Przez ostatni tydzień pogoda dopisywała jak na zimowy miesiąc. W czwartkowy poranek tak się układało, że Księżyc zachodził chwilkę przed wschodem słońca. Nie byłbym sobą, gdybym nie zasadził się na tą okoliczność z aparatem.

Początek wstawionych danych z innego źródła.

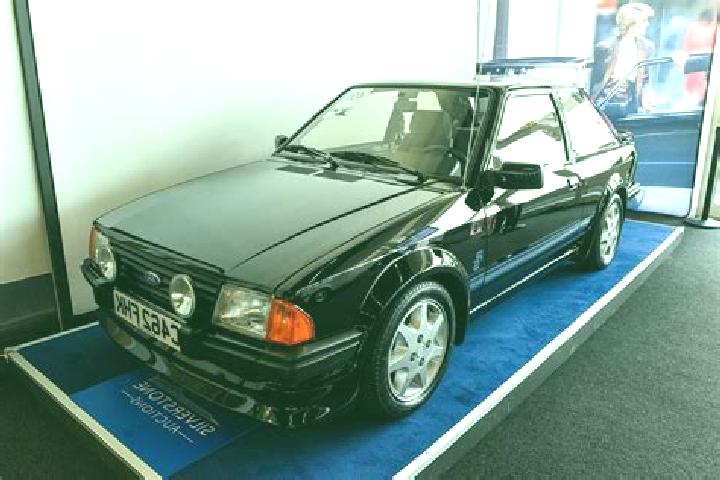 escort Broadwindsor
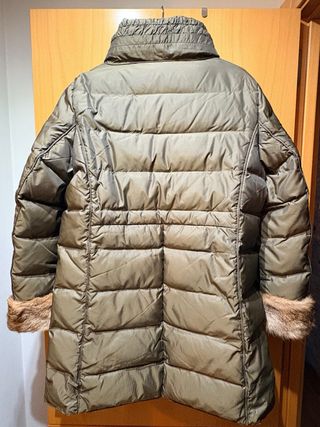 Abrigo acolchado mujer con pelo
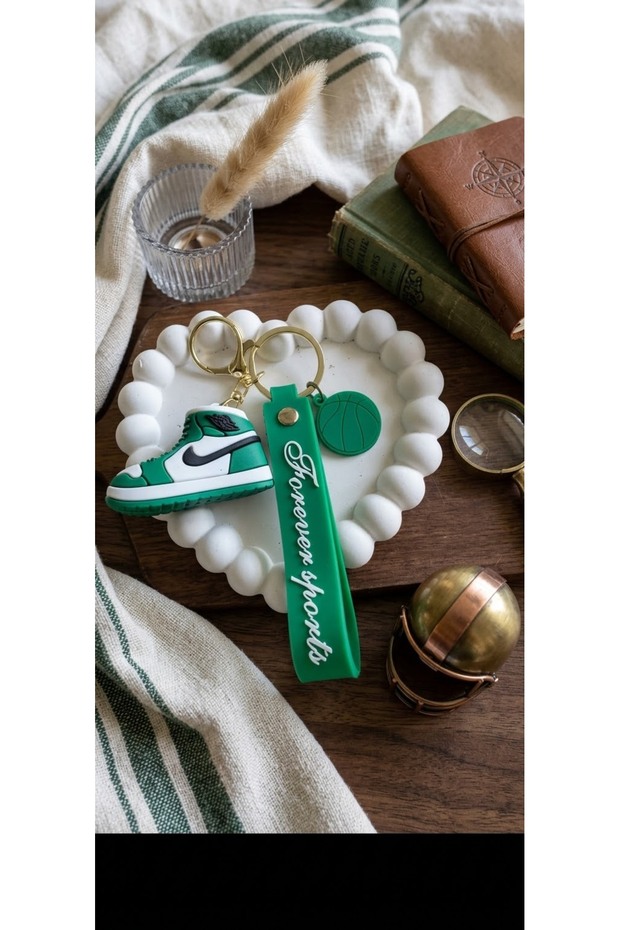 Concerse Shoe Keychain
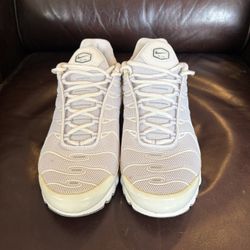 Air Max Plus Tn “Triple White” Men’s size 9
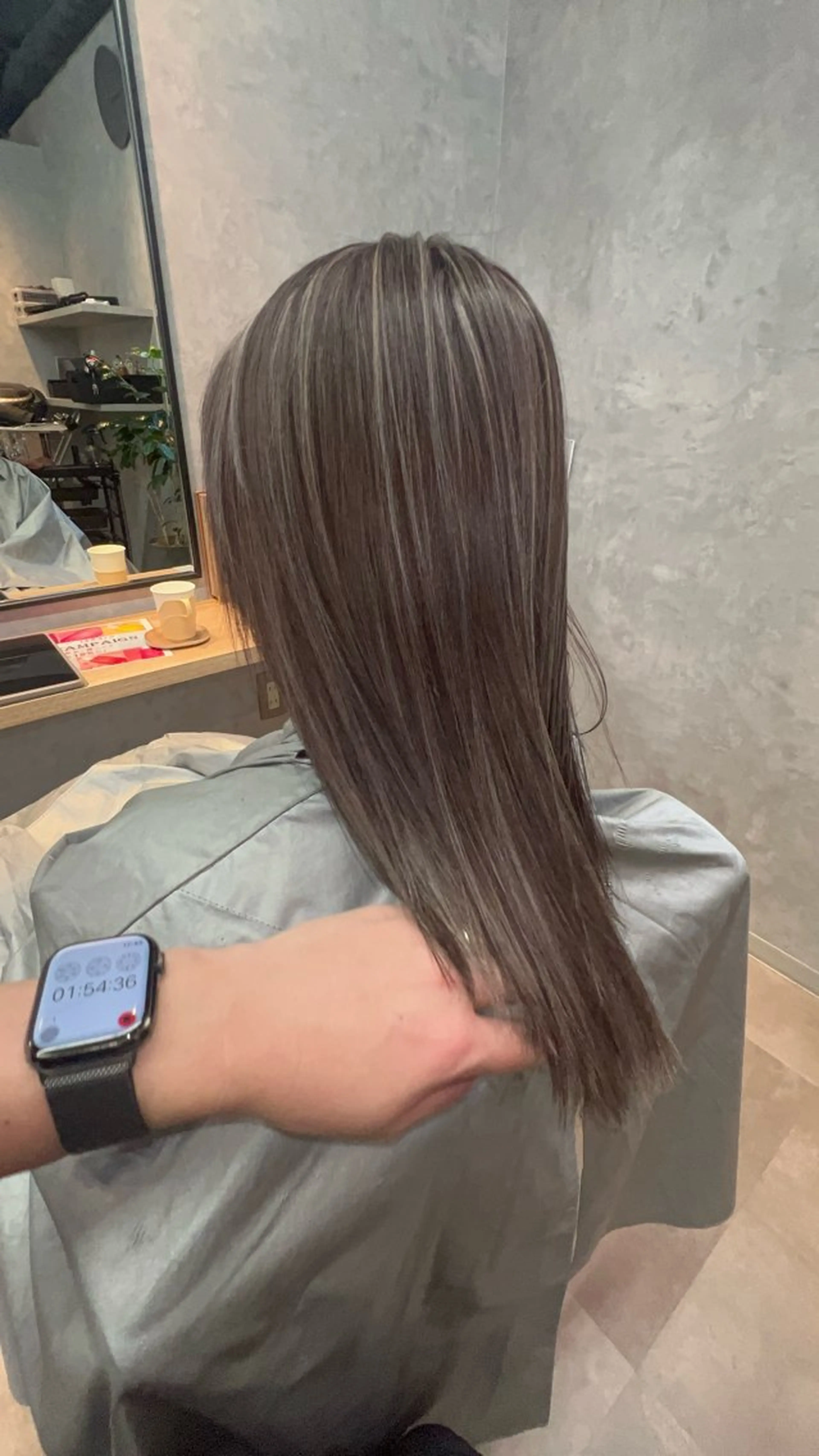 セミロング ヘアカラー 👓moto トップカラーリストのヘアスタイル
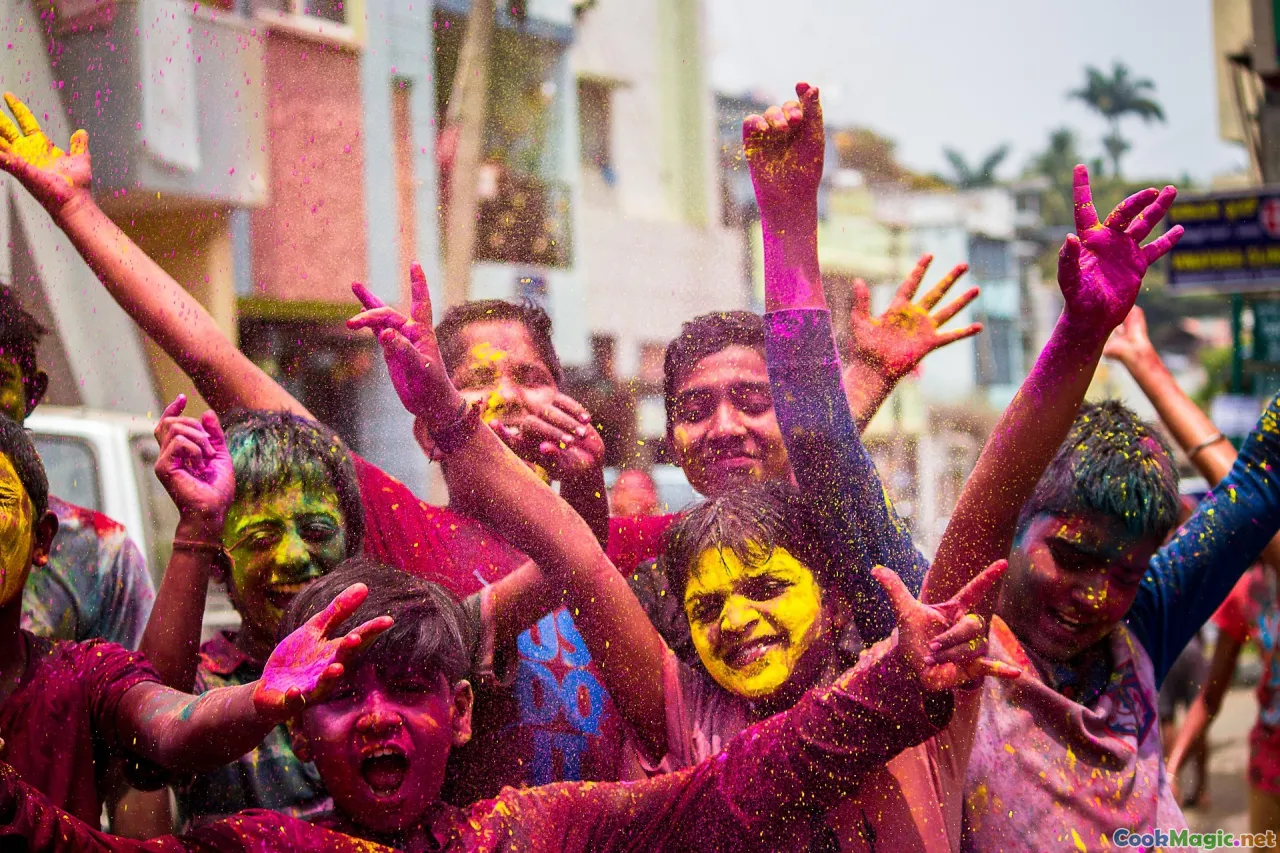 Brazilian festivals, street food, lively crowds, musicalidad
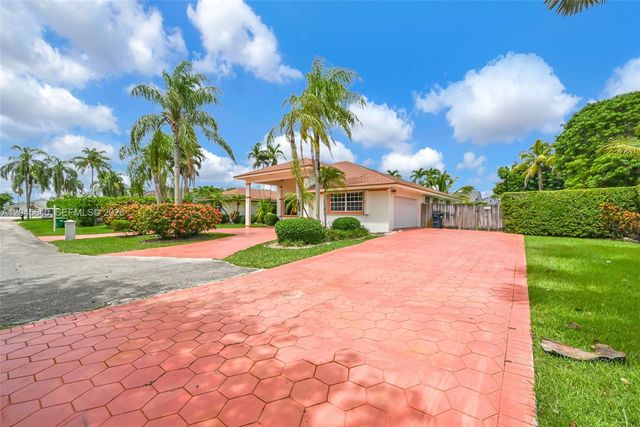 13562 SW 109th Pl, Miami, FL 33176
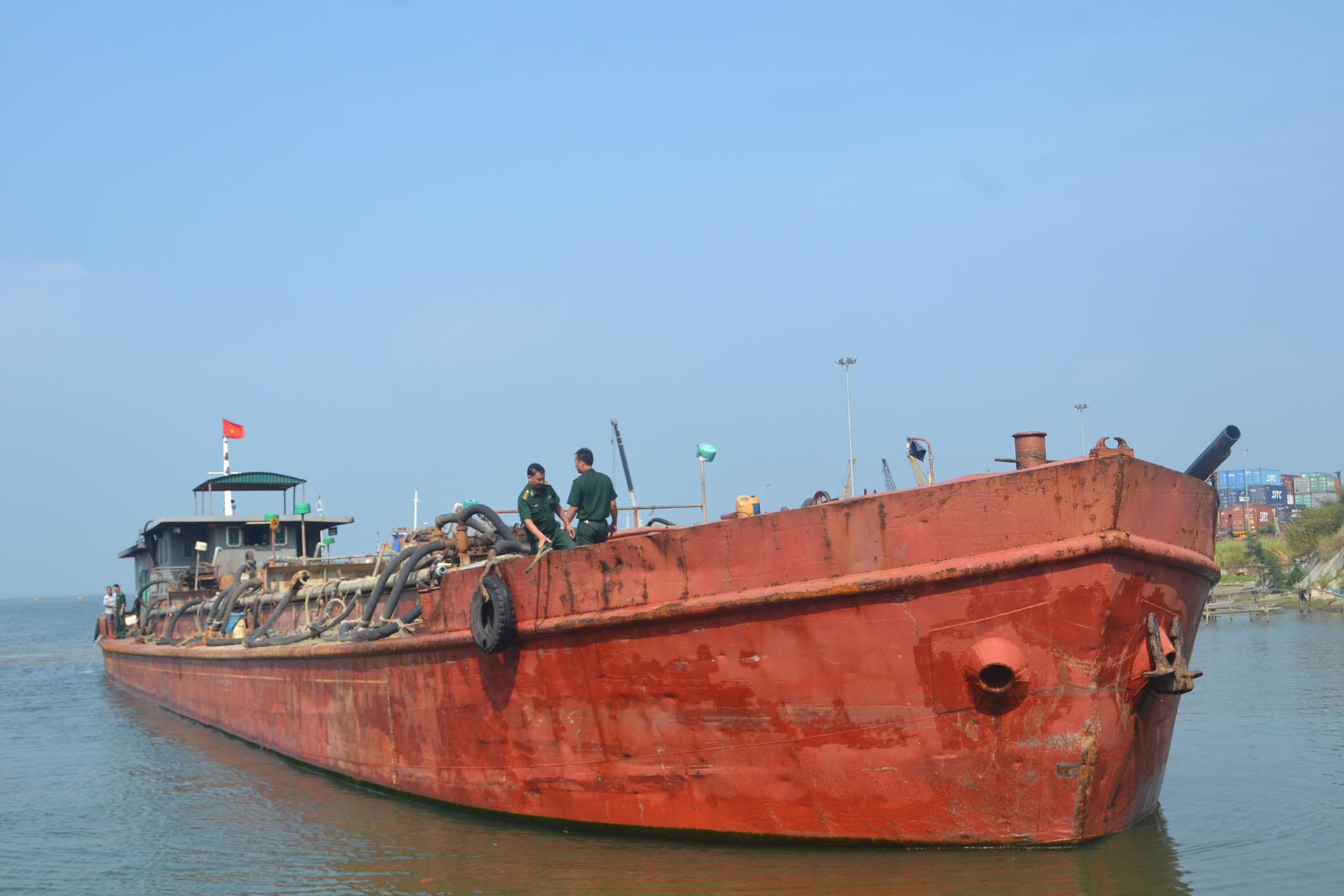 Di ly nghi pham dam chim tau ca ngu dan ve Da Nang hinh anh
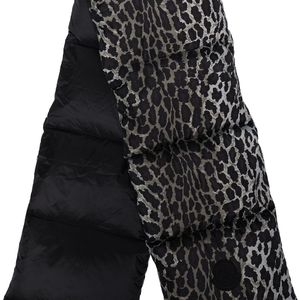 Écharpe matelassée à imprimé léopard Moncler en coloris Gris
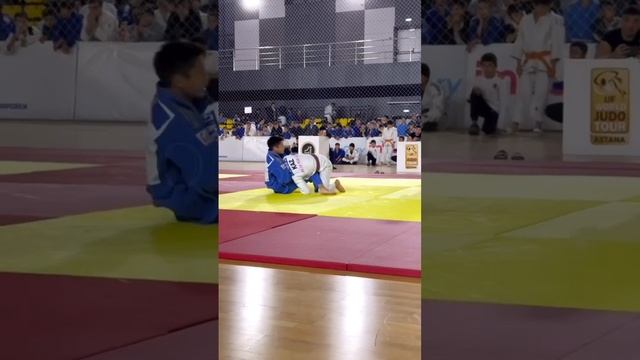 Ли Данияр - бронзовый призёр Республиканского турнира, в весовой категории до 55 кг, среди 2008-200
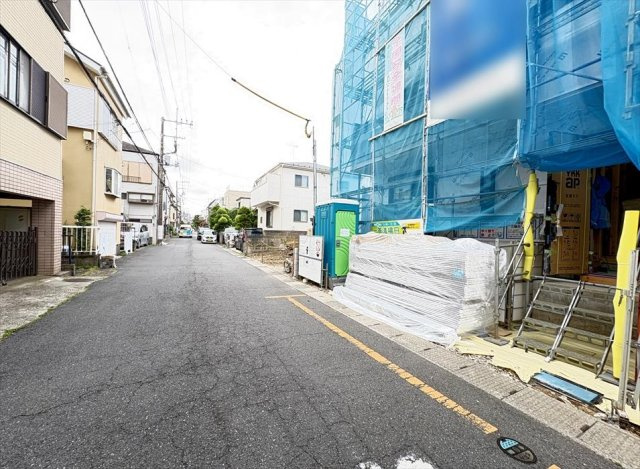 前面道路の様子／　約6ｍ道路に面しているので車の出し入れもスムーズに行えます。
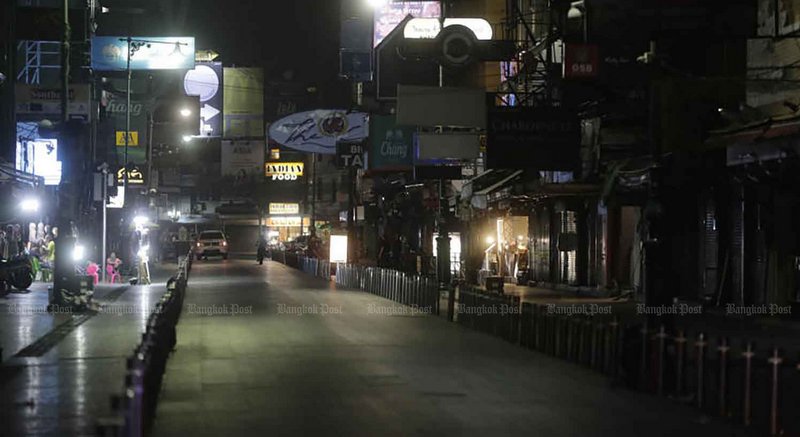 Bars in three Bangkok districts shut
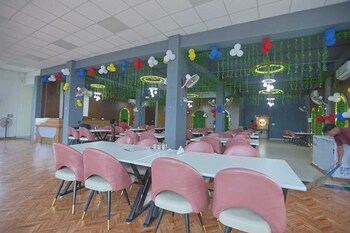 Hotel Om Vilas,,3 star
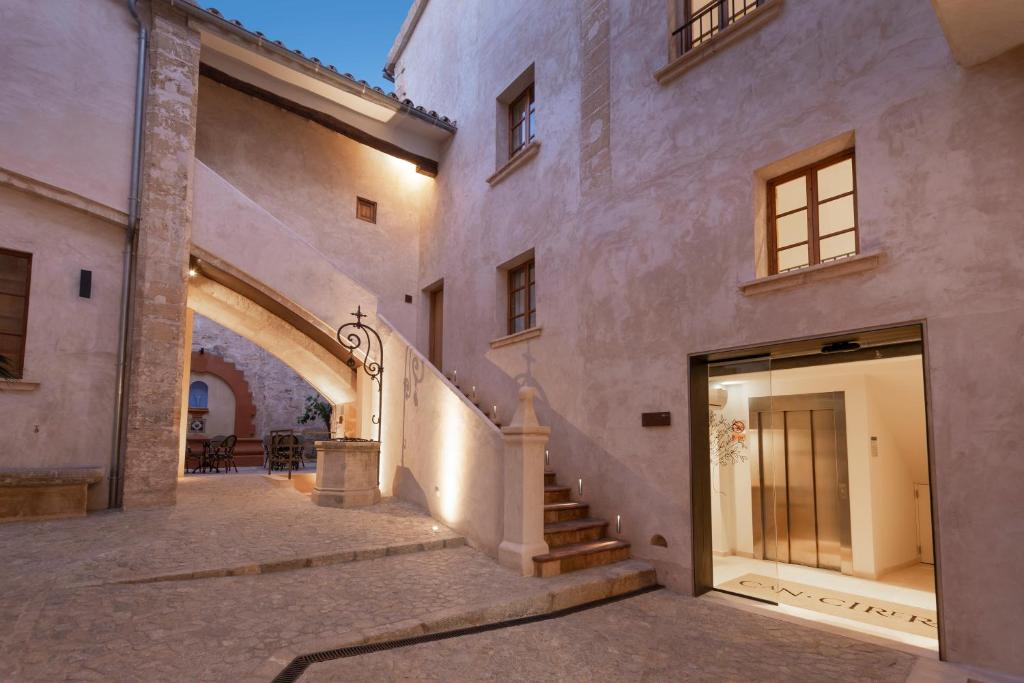 Hotel Can Cirera - Resim 11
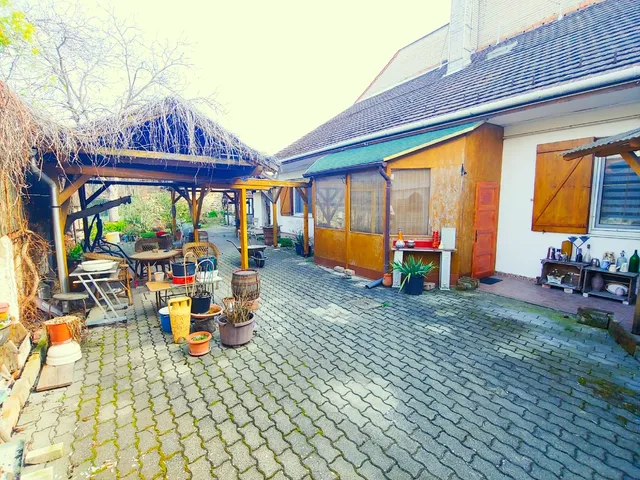 Eladó ház Pomáz, Főút 125 nm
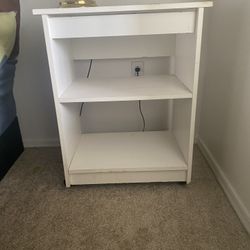 White end Table with wheels 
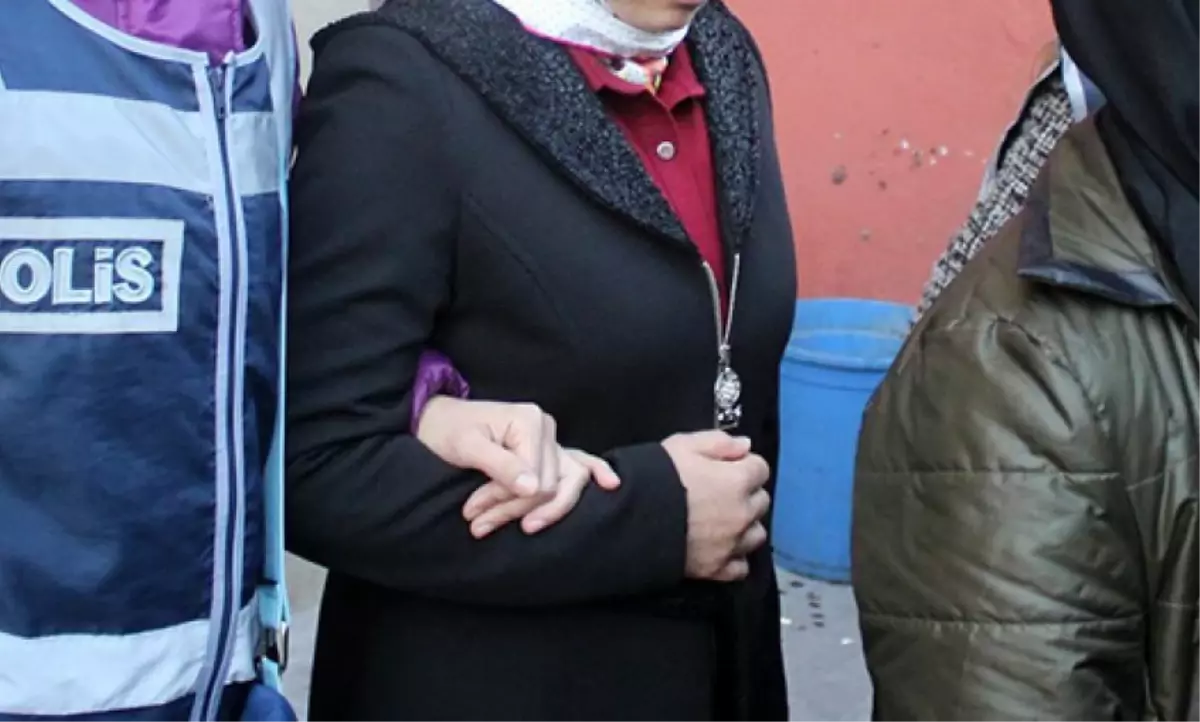 Fetö\'nün \'Ablaları\' Adliyeye Sevk Edildi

Pył saharyjski, który wisiał nad Polską mógł mi popsuć to widowisko, więc na miejsce udałem się nieco wcześniej, kiedy Księżyc był jeszcze w miarę wysoko nad horyzontem. I to był dobry pomysł, bo chwilę po tych fotkach, które prezentuję poniżej, złoty glob rozmył się w smogu.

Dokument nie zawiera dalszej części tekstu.